[Stored data entries]
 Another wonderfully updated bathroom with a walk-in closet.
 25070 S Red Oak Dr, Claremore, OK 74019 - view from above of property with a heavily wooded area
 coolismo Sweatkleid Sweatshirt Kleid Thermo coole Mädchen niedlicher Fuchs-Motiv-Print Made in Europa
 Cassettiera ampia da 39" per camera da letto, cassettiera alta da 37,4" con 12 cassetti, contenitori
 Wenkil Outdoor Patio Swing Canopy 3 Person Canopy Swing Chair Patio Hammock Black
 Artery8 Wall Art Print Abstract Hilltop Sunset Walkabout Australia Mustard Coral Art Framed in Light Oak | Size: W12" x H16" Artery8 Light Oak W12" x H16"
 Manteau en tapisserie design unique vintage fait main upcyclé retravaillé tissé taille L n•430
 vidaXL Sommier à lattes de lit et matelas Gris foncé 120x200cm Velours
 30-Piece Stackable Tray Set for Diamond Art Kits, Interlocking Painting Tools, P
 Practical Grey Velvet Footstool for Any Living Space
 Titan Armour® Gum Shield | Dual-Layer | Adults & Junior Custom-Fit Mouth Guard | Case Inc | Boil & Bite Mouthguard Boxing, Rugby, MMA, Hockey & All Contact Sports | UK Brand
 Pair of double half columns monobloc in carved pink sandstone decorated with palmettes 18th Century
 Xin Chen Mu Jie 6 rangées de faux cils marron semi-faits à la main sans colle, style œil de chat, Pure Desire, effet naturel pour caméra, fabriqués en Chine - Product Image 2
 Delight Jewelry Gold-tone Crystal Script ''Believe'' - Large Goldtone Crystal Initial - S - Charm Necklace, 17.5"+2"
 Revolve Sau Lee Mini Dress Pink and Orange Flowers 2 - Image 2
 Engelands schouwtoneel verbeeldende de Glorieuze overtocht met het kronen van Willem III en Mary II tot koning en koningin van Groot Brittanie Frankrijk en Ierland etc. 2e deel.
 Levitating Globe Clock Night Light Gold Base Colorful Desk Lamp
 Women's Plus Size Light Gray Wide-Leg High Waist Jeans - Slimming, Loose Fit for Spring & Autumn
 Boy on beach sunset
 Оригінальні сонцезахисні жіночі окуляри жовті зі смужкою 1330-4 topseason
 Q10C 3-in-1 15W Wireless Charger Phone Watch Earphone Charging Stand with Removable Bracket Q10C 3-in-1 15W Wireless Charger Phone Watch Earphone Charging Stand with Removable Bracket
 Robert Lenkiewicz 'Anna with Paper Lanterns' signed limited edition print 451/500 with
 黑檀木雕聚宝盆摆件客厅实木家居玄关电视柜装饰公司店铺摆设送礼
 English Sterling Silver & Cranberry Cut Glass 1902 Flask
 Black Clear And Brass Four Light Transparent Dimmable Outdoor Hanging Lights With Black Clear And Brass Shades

Task requirements ->
Whenever a line in the records contains the word "Black", copy that line.

Answer area ->
 Wenkil Outdoor Patio Swing Canopy 3 Person Canopy Swing Chair Patio Hammock Black
 Black Clear And Brass Four Light Transparent Dimmable Outdoor Hanging Lights With Black Clear And Brass Shades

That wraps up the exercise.